Delattre didn’t plan to become a papyrologist, but one of the Philodemus scrolls unwrapped by Father Piaggio in the eighteenth century was on the subject of Epicurus and the gods, and he wanted to read it. He went to the National Library in Naples. “When I saw the opened sheets of carbonized papyrus for the first time, it was very impressive. For me, the writing was very vivid. I felt I was in direct contact with that time. And when I read the name Plato for the first time in the text it made me very emotional. I became a papyrologist at that moment.”

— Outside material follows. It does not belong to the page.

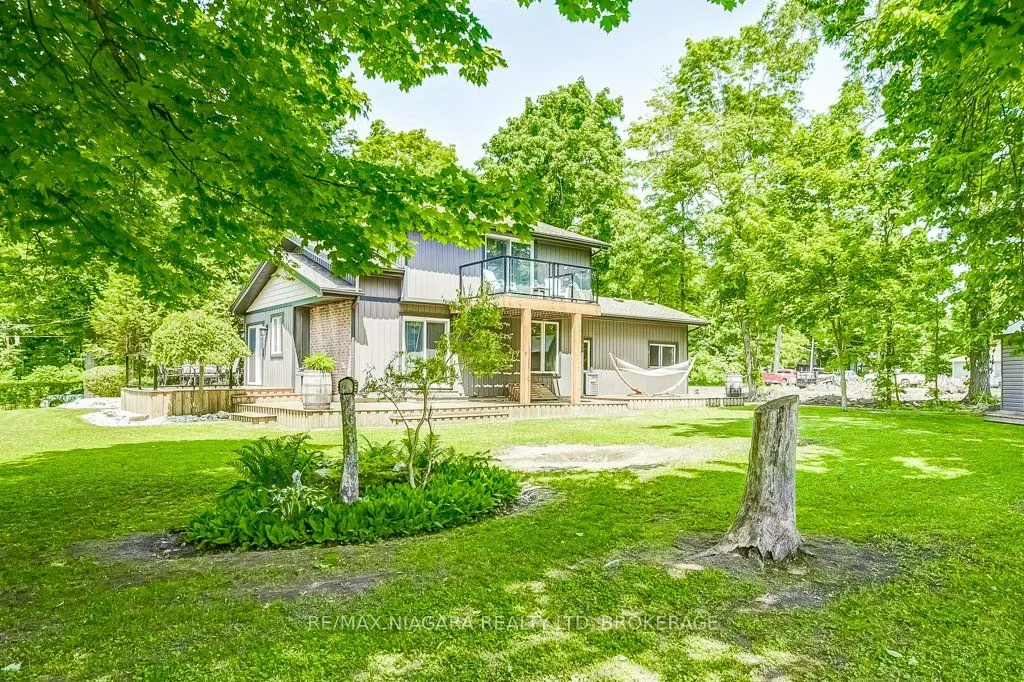 4905 Mapleview Crescent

Papyrology is a study that combines aspects of textual scholarship, philology, and archeology. It requires Olympian patience to find letters and words amid such badly damaged material, and immense learning to divine the meaning within. It’s unusual to get three words in a row without lacunae. Compounding the difficulty is the fact that scribes wrote Greek without spaces between words. A single line can easily take six months to decipher. Sometimes educated guesses about missing bits are wrong, causing the reader to arrive at different meanings from what was intended. One of the revelations following the Brigham Young MSI studies was how wrong many of the earlier readings of the scrolls were. Some editors were essentially making up their own texts.

“Papyrologists are a special breed,” Anthony Grafton, a professor of Renaissance and Reformation history at Princeton, says. “They work with really badly damaged manuscripts. But they live with the promise of finding something really new—which is very rare in most classical scholarship.” There, marginalia is the only hope.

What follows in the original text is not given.